The first egg is most expensive

by Karen Brier
Special to The R-CKaren Brier's chicken palace.

We found the first egg from our chickens this weekend – a whole month ahead of schedule. It is beautiful, but should really be solid gold considering how much it cost. It didn’t seem like a lot at the time, but when you add it up, it’s a little scary.

We got the chickens in October last year for about $80. Over the last four months we’ve spent almost $500 on heat lamp fixtures, heat lamp bulbs, bedding material, chick and chicken feeders and waterers, organic food and a few toys. They spent the first couple of months inside, then we moved them outside in December. We were lucky to have a shed that worked great as a chicken house with just a few modifications, about $100 for wood and wire and flashing. It has a person door, windows for ventilation and insulation and Sheetrock. The problem was that they just kept growing and growing. The house is a good size, 5 square feet per bird, but they really needed more room.

We did a lot of research and planned a chicken run. With the predators here, it needed to be strong and secure. With posts and wire and mesh for the roof it was almost a $1,000. With all the other projects, it just had to wait. We finally started construction in November and got four corner posts in just as that freezing cold weather hit. By the time it warmed up enough to pour concrete again, our wonderful handyman, Sam, had hurt his back. Then other projects, like our new solar panels, took all our attention for a while.

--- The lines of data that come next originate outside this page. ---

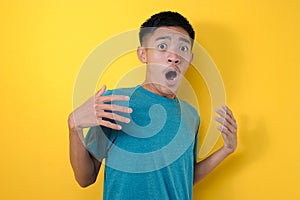 A shocked young asian man wearing a casual shirt and looking very emotional and surprised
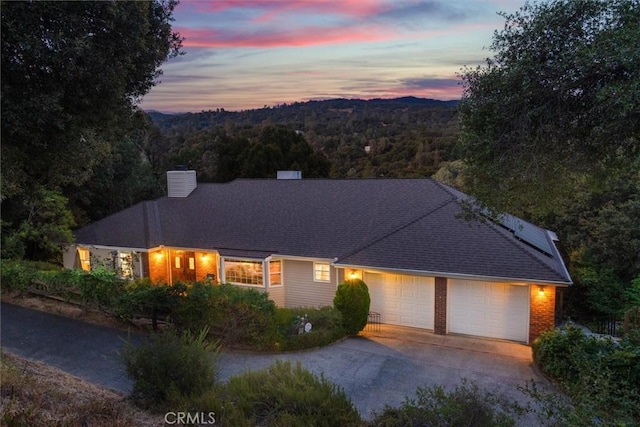 39309 Forest Park Ln, Oakhurst, CA 93644 - view of front of home with concrete driveway, a chimney, a forest view, and a garage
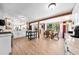 Open concept kitchen featuring hardwood floors, wooden beams and an adjacent dining area, ideal for gatherings at 2571 Ames Haven Rd, Kissimmee, FL 34744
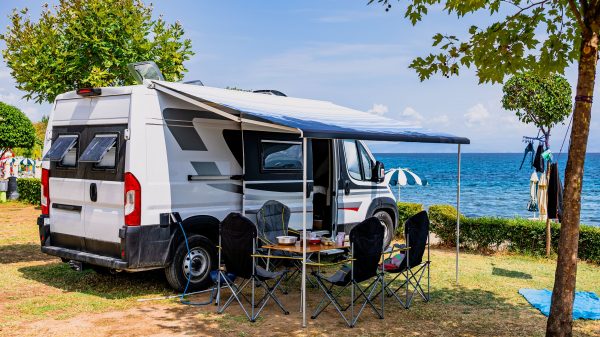 Wohnmobil mit ausziehbarem Vorzelt und Gartenmöbeln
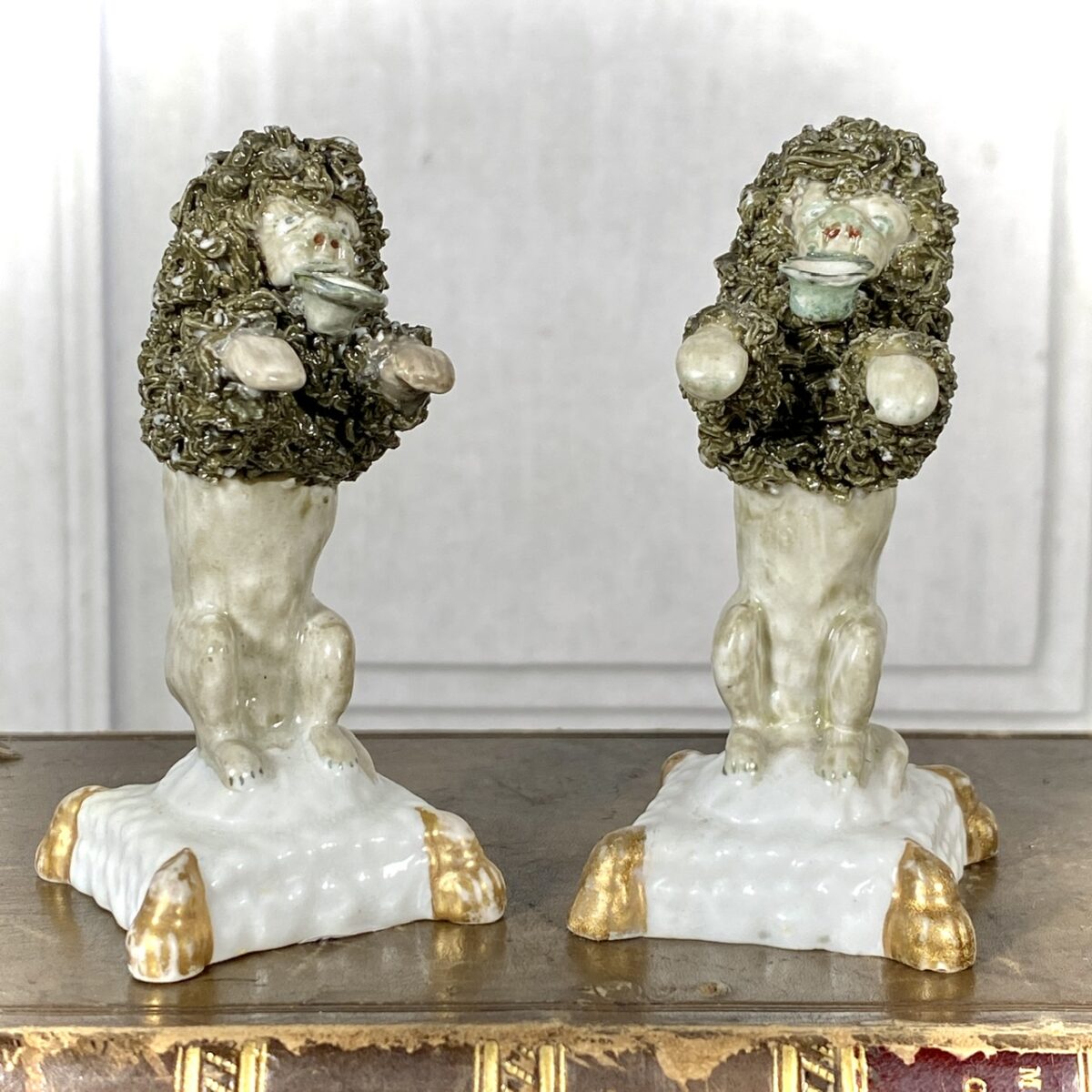 Pair of Staffordshire Minature Begging Poodles.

I kept feeling so guilty about the chickens, so we started working on it again and I’m happy to announce we finished over Presidents’ Day weekend. Strong fence posts to withstand the wind. Heavy gauge ranch wire to keep out coyotes and other critters. The flying predators were more of a challenge. We covered the run with a custom shade cloth we ordered from Silver State for $350. It’s attractive and strong and should keep the hawks and owls outside while keeping the chickens inside. Plus it lets in enough sun during the winter while providing needed shade in the summer.

I think the only real danger left is our dog, Sophie. We love her, but she’s a Lab. They’ve been bred for hundreds of years to catch birds so her instinct is to get into that pen. We’ve been training her, but clearly it is going to take time and we may have to extend our invisible dog fence around the pen. In the meantime, we created a wire mesh perimeter and buried it under rocks and dirt. So glad we did, because we came home the first day to find something had been digging under the gate, the one spot we didn’t protect. Stop by for a tour sometime so we can show off our chicken palace.